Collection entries

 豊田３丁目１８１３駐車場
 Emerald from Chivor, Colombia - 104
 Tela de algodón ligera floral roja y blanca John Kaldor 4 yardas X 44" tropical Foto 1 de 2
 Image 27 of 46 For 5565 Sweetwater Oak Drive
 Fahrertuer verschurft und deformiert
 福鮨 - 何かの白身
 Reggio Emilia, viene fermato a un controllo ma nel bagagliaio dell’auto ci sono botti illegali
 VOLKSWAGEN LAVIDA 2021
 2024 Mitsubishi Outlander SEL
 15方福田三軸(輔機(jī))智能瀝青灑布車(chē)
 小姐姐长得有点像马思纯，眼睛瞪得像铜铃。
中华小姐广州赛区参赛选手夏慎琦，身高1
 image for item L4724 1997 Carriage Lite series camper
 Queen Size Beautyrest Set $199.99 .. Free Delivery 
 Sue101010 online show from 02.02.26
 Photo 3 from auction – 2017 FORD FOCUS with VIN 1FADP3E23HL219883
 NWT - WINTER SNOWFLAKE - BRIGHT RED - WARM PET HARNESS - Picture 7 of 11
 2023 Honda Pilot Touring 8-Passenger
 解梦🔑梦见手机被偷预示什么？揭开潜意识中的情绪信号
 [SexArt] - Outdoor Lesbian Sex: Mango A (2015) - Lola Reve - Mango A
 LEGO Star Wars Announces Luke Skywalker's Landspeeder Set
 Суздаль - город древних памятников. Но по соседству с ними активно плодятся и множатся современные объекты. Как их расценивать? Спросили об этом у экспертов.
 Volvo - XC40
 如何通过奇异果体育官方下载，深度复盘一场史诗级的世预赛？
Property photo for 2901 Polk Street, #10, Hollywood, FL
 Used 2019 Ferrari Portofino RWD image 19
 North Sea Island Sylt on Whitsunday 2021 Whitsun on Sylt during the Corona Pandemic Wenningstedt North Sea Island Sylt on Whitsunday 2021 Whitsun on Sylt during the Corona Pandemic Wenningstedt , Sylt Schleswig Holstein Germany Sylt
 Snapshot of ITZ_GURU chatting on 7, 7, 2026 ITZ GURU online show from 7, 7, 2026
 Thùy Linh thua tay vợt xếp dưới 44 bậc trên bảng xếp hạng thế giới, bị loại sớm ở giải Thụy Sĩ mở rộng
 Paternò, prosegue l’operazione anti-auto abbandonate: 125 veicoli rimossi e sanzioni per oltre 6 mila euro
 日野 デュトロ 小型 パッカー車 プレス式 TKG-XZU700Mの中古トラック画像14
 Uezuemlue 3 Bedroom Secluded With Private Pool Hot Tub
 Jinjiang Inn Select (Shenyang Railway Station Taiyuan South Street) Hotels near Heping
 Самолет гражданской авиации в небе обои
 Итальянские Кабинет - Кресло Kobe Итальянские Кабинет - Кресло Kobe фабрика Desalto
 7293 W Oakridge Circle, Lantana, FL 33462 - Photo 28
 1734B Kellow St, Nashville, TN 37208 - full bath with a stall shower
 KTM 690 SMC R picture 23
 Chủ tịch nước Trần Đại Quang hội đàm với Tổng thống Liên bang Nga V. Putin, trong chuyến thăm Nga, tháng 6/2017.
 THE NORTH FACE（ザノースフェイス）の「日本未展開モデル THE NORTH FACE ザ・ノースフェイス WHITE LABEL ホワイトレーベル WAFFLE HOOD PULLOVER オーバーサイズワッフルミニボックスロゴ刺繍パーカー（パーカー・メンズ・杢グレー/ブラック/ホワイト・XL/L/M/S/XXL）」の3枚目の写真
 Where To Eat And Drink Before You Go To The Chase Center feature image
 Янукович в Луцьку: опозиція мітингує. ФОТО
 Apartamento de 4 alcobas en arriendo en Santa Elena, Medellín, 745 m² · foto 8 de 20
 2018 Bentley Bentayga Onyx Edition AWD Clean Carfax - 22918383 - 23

TASK STATEMENT =
Take the lines from the one containing "Jinjiang Inn Select" through the final line of the entries above, and set them down exactly, with nothing added.

EXPECTED OUTPUT =
 Jinjiang Inn Select (Shenyang Railway Station Taiyuan South Street) Hotels near Heping
 Самолет гражданской авиации в небе обои
 Итальянские Кабинет - Кресло Kobe Итальянские Кабинет - Кресло Kobe фабрика Desalto
 7293 W Oakridge Circle, Lantana, FL 33462 - Photo 28
 1734B Kellow St, Nashville, TN 37208 - full bath with a stall shower
 KTM 690 SMC R picture 23
 Chủ tịch nước Trần Đại Quang hội đàm với Tổng thống Liên bang Nga V. Putin, trong chuyến thăm Nga, tháng 6/2017.
 THE NORTH FACE（ザノースフェイス）の「日本未展開モデル THE NORTH FACE ザ・ノースフェイス WHITE LABEL ホワイトレーベル WAFFLE HOOD PULLOVER オーバーサイズワッフルミニボックスロゴ刺繍パーカー（パーカー・メンズ・杢グレー/ブラック/ホワイト・XL/L/M/S/XXL）」の3枚目の写真
 Where To Eat And Drink Before You Go To The Chase Center feature image
 Янукович в Луцьку: опозиція мітингує. ФОТО
 Apartamento de 4 alcobas en arriendo en Santa Elena, Medellín, 745 m² · foto 8 de 20
 2018 Bentley Bentayga Onyx Edition AWD Clean Carfax - 22918383 - 23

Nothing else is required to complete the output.